“Grandma fell and we’re in the emergency room. She’s very distressed and does not look good. I’m going to put the doctor on the phone.”
I could hear my mother’s voice strain on the other end of the phone line as I braced myself for my conversation with the emergency department physician.
The emergency physician told me that though the work-up was still developing, my grandmother was in respiratory distress, and that he recommended we intubate my 85-year-old grandmother and admit her to the ICU.
This was the moment that arrives for so many families, being forced to make a quick life-defining decision for the people we love, wishing we knew beforehand what they would’ve wanted. Sure, she had recent hospital visits for a mini-stroke and pulmonary concerns, but this couldn’t be it, could it? I was paralyzed, wholly unready to say goodbye to the grandmother I had spoken to just days before, the person who always answered my phone calls after one ring with an infectious, “Hello gorgeous!”

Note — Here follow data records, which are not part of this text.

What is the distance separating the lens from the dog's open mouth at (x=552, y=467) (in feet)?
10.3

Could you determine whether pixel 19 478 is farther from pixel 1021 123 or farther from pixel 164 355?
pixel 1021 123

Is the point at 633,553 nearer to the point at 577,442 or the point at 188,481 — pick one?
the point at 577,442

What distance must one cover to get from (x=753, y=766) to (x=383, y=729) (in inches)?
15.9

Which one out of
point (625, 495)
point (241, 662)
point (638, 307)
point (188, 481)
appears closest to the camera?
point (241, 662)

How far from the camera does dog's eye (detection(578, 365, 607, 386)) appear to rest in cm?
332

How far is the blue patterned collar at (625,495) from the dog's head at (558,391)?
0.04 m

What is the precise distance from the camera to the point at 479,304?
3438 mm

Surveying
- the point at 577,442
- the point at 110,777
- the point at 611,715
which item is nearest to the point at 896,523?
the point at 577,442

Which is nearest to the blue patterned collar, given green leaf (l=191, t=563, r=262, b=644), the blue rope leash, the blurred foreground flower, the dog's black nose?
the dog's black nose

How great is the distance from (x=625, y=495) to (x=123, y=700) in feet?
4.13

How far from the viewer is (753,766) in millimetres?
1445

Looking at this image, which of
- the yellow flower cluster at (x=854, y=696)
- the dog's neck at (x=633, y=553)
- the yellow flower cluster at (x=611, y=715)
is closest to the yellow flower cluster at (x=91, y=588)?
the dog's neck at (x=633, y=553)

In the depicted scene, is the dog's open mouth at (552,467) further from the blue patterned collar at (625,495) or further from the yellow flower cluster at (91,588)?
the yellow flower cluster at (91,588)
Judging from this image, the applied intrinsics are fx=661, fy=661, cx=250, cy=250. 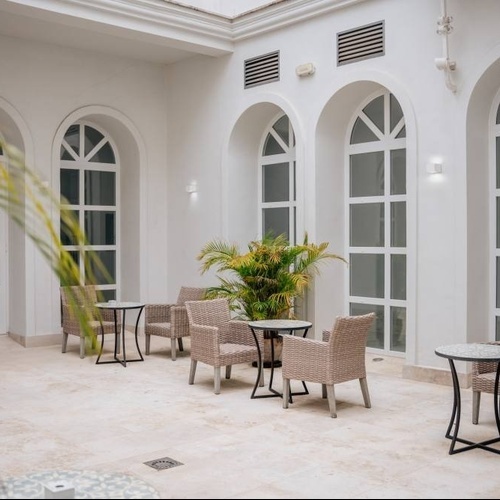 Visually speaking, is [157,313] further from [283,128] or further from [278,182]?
[283,128]

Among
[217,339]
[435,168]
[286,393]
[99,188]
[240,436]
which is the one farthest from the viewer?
[99,188]

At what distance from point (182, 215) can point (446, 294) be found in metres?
4.74

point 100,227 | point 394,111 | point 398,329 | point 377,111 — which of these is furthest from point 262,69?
point 398,329

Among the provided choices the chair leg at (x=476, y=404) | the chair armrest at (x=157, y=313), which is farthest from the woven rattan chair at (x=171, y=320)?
the chair leg at (x=476, y=404)

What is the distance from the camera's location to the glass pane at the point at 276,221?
9.49 m

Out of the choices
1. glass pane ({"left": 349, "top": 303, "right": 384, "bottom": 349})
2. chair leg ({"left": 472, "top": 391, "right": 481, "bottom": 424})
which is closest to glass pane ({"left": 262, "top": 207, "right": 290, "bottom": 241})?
glass pane ({"left": 349, "top": 303, "right": 384, "bottom": 349})

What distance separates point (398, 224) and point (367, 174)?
82 cm

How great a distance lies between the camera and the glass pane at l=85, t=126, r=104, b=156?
10.5m

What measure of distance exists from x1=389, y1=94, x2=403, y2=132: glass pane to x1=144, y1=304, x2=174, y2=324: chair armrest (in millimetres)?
3803

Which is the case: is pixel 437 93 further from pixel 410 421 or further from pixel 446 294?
pixel 410 421

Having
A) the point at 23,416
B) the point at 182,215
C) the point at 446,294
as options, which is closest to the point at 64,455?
the point at 23,416

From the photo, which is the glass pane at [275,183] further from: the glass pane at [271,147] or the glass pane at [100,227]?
the glass pane at [100,227]

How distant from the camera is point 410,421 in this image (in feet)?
18.3

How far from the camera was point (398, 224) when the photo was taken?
322 inches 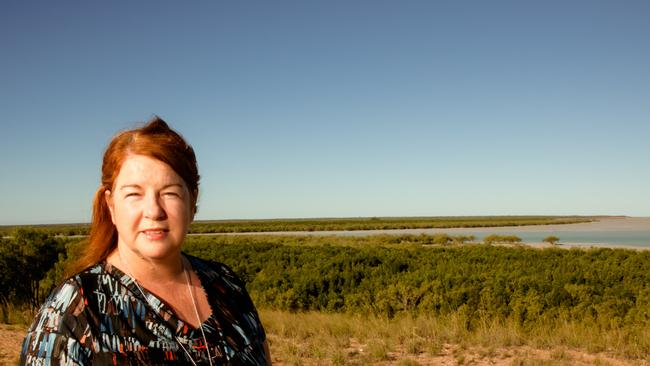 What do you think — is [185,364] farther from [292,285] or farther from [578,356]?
[292,285]

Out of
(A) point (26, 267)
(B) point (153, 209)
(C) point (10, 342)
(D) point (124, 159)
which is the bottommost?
(C) point (10, 342)

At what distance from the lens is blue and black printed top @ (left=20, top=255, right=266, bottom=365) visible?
4.36 feet

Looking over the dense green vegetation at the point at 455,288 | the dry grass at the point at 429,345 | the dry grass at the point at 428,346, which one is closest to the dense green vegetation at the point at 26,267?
the dry grass at the point at 429,345

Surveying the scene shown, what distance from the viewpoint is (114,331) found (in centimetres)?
139

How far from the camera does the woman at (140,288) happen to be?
4.43 feet

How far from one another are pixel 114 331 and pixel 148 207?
0.35m

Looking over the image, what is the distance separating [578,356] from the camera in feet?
24.9

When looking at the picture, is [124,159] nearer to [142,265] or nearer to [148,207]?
[148,207]

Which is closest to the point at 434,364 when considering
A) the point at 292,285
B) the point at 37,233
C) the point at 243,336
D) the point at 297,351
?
the point at 297,351

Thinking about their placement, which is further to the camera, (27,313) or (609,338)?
(27,313)

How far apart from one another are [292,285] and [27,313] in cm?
665

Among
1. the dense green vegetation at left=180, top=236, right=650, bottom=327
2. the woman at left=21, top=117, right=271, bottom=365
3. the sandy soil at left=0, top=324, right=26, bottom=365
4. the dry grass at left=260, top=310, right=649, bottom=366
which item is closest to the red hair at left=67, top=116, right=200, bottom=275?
the woman at left=21, top=117, right=271, bottom=365

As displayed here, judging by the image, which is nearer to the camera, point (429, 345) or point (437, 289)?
point (429, 345)

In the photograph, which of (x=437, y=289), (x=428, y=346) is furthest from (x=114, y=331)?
(x=437, y=289) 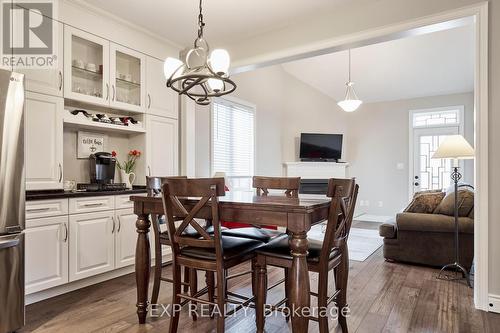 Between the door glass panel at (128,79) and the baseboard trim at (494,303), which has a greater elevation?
the door glass panel at (128,79)

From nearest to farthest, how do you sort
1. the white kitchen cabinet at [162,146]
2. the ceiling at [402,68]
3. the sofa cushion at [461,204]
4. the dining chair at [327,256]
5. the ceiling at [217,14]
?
1. the dining chair at [327,256]
2. the ceiling at [217,14]
3. the sofa cushion at [461,204]
4. the white kitchen cabinet at [162,146]
5. the ceiling at [402,68]

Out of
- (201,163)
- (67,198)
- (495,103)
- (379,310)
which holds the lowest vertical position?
(379,310)

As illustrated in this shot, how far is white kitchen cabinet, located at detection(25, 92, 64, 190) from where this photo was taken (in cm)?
260

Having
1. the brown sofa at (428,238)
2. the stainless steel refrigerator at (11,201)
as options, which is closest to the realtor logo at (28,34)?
the stainless steel refrigerator at (11,201)

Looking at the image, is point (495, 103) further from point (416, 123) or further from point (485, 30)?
point (416, 123)

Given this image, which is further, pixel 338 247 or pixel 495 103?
pixel 495 103

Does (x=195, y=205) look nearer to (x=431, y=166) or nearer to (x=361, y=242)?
(x=361, y=242)

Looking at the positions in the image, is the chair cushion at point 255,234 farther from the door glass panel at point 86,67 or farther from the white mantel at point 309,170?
the white mantel at point 309,170

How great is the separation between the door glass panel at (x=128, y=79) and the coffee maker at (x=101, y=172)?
652mm

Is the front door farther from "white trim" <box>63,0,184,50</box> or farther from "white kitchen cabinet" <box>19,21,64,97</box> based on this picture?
"white kitchen cabinet" <box>19,21,64,97</box>

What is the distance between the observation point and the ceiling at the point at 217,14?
3.03 metres

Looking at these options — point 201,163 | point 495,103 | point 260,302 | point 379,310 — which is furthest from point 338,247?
point 201,163

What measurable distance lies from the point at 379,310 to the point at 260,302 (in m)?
1.14

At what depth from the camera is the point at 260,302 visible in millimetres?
1965
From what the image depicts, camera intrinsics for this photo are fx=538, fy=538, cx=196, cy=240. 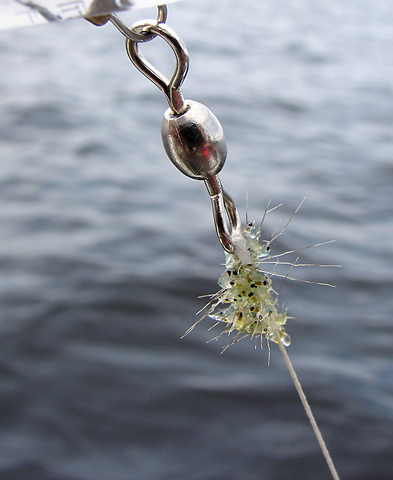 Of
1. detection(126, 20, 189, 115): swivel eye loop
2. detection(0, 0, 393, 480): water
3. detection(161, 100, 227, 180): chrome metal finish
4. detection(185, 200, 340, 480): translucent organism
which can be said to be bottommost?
detection(185, 200, 340, 480): translucent organism

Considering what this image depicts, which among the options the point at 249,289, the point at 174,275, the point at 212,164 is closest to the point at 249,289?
the point at 249,289

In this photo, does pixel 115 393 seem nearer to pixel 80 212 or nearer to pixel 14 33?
pixel 80 212

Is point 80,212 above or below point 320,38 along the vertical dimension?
below

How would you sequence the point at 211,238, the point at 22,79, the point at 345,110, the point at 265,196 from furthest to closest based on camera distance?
1. the point at 22,79
2. the point at 345,110
3. the point at 265,196
4. the point at 211,238

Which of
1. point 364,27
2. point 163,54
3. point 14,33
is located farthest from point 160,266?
point 364,27

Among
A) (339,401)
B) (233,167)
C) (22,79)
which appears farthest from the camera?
(22,79)

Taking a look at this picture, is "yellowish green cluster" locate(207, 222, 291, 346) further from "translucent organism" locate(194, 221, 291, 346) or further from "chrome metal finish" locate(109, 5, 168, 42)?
"chrome metal finish" locate(109, 5, 168, 42)

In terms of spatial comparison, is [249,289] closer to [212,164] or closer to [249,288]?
[249,288]

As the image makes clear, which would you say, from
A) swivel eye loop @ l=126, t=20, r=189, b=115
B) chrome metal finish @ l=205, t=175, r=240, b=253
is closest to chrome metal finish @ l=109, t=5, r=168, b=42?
swivel eye loop @ l=126, t=20, r=189, b=115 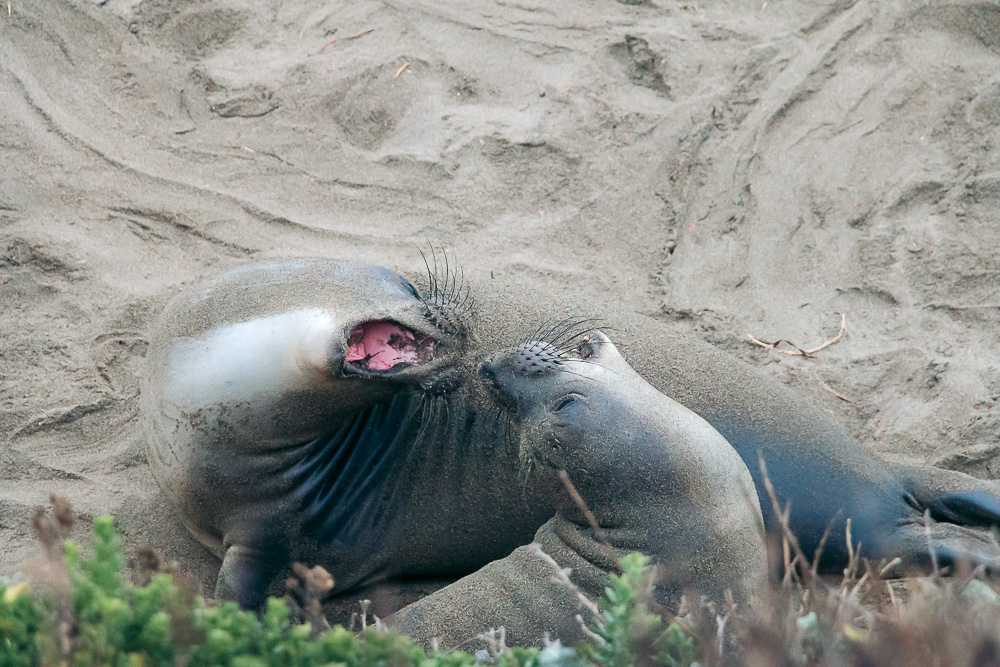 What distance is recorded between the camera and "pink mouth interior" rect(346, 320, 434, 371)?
3021 mm

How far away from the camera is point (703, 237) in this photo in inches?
181

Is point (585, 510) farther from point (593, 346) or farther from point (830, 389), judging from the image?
point (830, 389)

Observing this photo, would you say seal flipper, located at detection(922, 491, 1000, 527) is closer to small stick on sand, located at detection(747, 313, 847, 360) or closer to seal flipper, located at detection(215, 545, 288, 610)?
small stick on sand, located at detection(747, 313, 847, 360)

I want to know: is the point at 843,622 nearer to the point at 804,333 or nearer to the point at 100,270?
the point at 804,333

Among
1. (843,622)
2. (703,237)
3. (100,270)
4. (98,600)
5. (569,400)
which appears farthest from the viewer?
(703,237)

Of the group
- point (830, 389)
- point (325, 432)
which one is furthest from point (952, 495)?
point (325, 432)

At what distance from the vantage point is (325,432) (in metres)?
3.18

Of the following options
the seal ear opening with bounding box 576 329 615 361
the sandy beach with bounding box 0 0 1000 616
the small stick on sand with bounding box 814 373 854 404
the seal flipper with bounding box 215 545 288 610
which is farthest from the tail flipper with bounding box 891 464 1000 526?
the seal flipper with bounding box 215 545 288 610

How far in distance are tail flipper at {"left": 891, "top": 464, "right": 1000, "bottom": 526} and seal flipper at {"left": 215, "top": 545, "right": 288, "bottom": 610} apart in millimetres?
1958

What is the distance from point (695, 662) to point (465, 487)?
1.27 meters

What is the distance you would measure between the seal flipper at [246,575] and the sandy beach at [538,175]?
0.78 m

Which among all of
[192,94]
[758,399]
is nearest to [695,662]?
[758,399]

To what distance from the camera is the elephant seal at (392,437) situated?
305 cm

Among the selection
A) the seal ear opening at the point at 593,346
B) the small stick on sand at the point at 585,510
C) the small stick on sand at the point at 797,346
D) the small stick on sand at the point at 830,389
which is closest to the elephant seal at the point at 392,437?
the seal ear opening at the point at 593,346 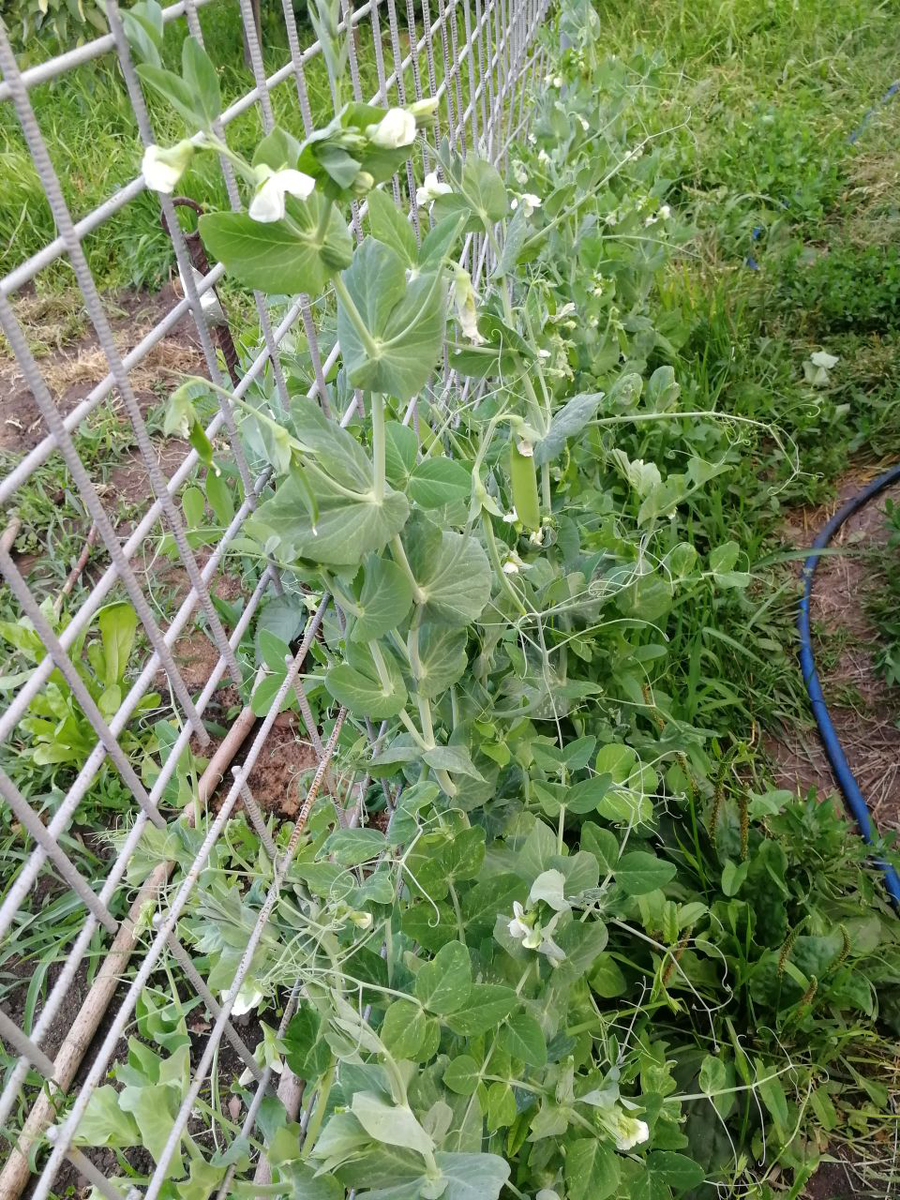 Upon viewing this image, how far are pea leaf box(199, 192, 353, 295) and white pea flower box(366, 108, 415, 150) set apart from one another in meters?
0.05

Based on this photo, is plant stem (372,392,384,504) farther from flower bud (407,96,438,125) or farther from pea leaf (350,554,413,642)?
flower bud (407,96,438,125)

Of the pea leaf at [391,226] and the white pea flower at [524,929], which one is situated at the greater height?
the pea leaf at [391,226]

I shared with my parents the physician’s assessment, but when asked what I thought we should do, I wavered.
Faced with this impossible decision, we consented to intubation and admission to the ICU.
As a medical student, I wondered if my grandmother would ever come off her ventilator and how she’d feel about spending her final days in an ICU. I wished that in addition to my grandmother’s lab values, one of her physicians would tell me her prognosis was serious, and asked me what mattered most to us knowing that she likely would not recover.
After several days of following my grandmother’s care, hanging on for a recovery that would never come, we decided to discontinue life support and instead focused on comfort in the palliative care unit.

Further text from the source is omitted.